Il futuro della nostra agricoltura
Successo per il primo incontro del ciclo “Il futuro della nostra agricoltura” organizzato dall’associazione “Città Attiva Corinaldo”. Ieri sera decine di persone hanno affollato la sala “Arnaldo Ciani” per approfondire quello che, evidentemente, è un argomento molto sentito: “il controllo delle erbe spontanee e l’uso di pesticidi e diserbanti”.
La sala consiliare del Municipio ha faticato a contenere quanti hanno avuto desiderio di ascoltare i relatori prof. Fabio Taffetani e Giuseppe Caramia, invitati per l’occasione dalla associazione “Città Attiva Corinaldo”, in collaborazione con l’Amministrazione comunale.

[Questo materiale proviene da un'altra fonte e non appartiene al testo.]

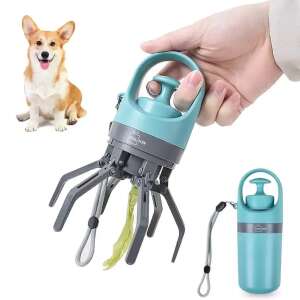 Pet Waste Collector for Dogs and Cats, Felliner, Portable Device for Hygienic Waste Collection, Pooper Scooper with 6 Claws, ABS, 6.5x19 cm, Integrated Bag Compartment, Blue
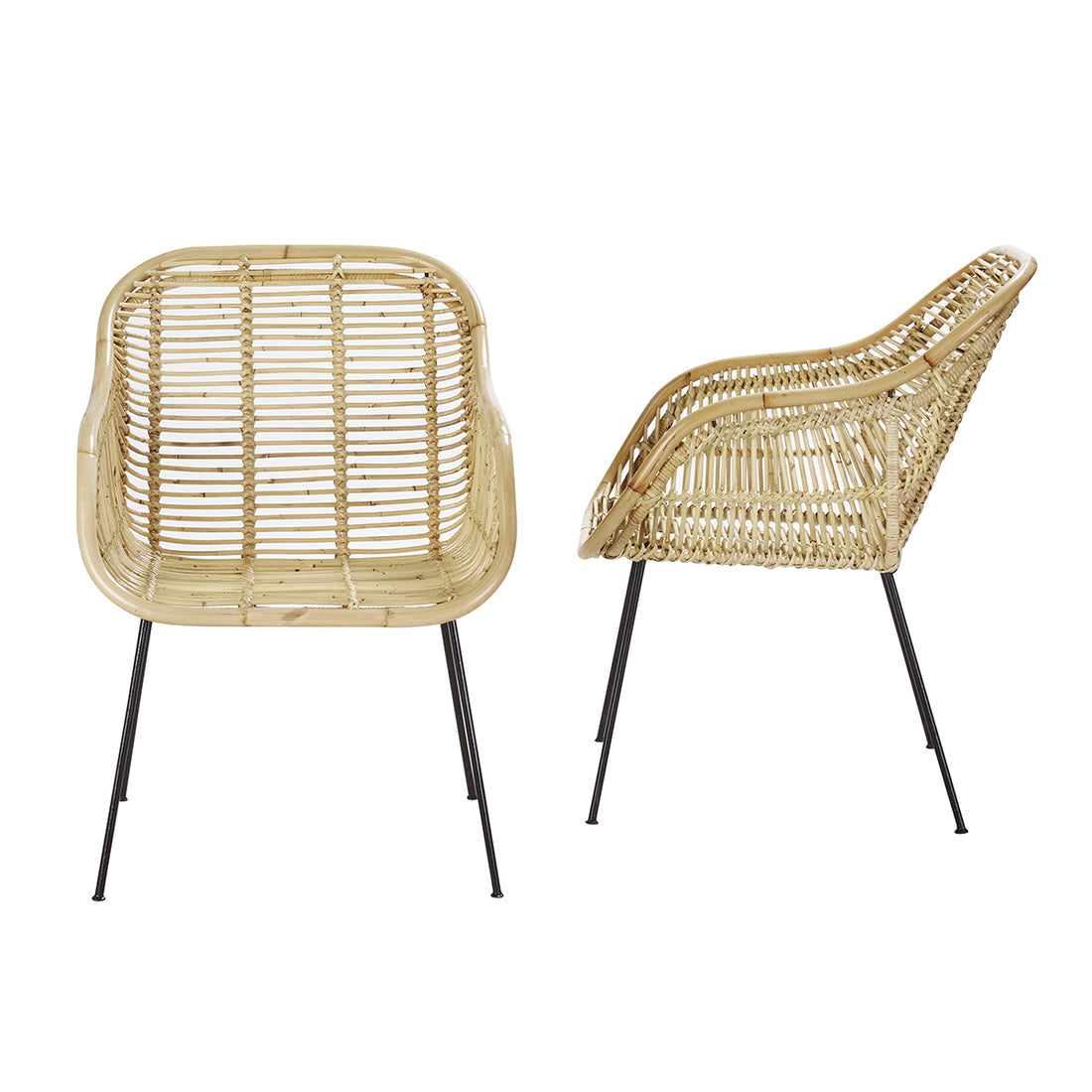 BOHEMA - Set aus 2 Stühlen aus Rattan und Metall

Gli stessi esponenti di “Città Attiva Corinaldo” sono rimasti positivamente stupiti nell’assistere non solo a numerosi agricoltori interessati all’argomento ma, anche, a famiglie e semplici cittadini, evidentemente interessati al futuro di agricoltura e a tutte le questioni collegate ed inerenti alla salute.
Così, in presenza anche della Giunta al completo, ha preso la parola il prof. Giuseppe Caramia. “L’utilizzo, talvolta indiscriminato, di pesticidi – ha sottolineato ha causato un forte disquilibrio ambientale. Con l’avvento dell’industrializzazione (prima del suo avvento si aveva un equilibrio ambientale certo più regolare), tutto ha subito un brusco acceleramento. Dal punto di vista agricolo, sono state scoperte sostanze che eliminano un parassita nel terreno, al fine di offrirci un buon prodotto”. Occorre tener anche conto, però, del rovescio della medaglia. “Per rendere migliore un prodotto occorre utilizzare più sostanze che, come conseguenza, non possono che essere deleterie per l’ambiente” ha proseguito Caramia. Che ha addotto come esempi il D.D.T. (poi abolito) e il glifosato, risalente addirittura ai tempi del Vietnam. Tutto questo ha provocato un forte disquilibrio ambientale, tra le cui conseguenze si possono annoverare anche gravi patologie.
“Un buon equilibrio ambientale – si è inserito sulla stessa falsariga il prof. Taffetani – lo si è ottenuto in concomitanza con l’immediato dopo–guerra. Da allora in avanti, è più corretto riferirsi a questo preciso settore non come agricoltura ma come mondo agricolo a servizio dell’industria”. Un concetto che equivarrebbe nel sostenere che si sarebbe potuto produrre una qualsiasi tipologia di prodotto su una qualsiasi tipologia di suolo. Con, però, un utilizzo intensivo di prodotti chimici. Le conseguenze? “Salta agli occhi – è la risposta di Taffetani – come si sia generata una forte crisi idrogeologica. Relativamente alle Marche, il 4% della forza lavoro si occupa di agricoltura ma utilizza l’80% dei suoli marchigiani. Un modus procendi che causa un grave impatto sulla gestione territoriale, oltre che sui regimi idrogeologici”. E’ un fatto, però, che l’industria agricola moderna pretenda terreni sempre più omogenei: in pratica senza alberi né erbacce da estirpare, in modo da favorire l’uso della tecnologia anche in agricoltura.
Quali, in definitiva, le soluzioni per ovviare a tutti quanti appena enunciato? “Riscoprire l’importanza della biodiversità e prendere la strada di un’agricoltura rispettosa dell’ambiente – sono state le risposte dei due relatori –: ad esempio, non estirpando le tanto fastidiose erbacce che, solitamente, fungono da limite ma, al contrario, lasciandole intatte, proprio perché ricoprono un equilibrio fondamentale dal punto di vista ambientale”.
Un accenno di soluzione ha costituito l’input per lanciare il prossimo appuntamento in tal senso. Martedì 19 maggio prossimo, verosimilmente sempre in Municipio alle ore 21, i prof. Paolo Ciarimboldi e Federico Marchini relazioneranno in merito a soluzioni e modi per finanziare nuovi processi agricoli.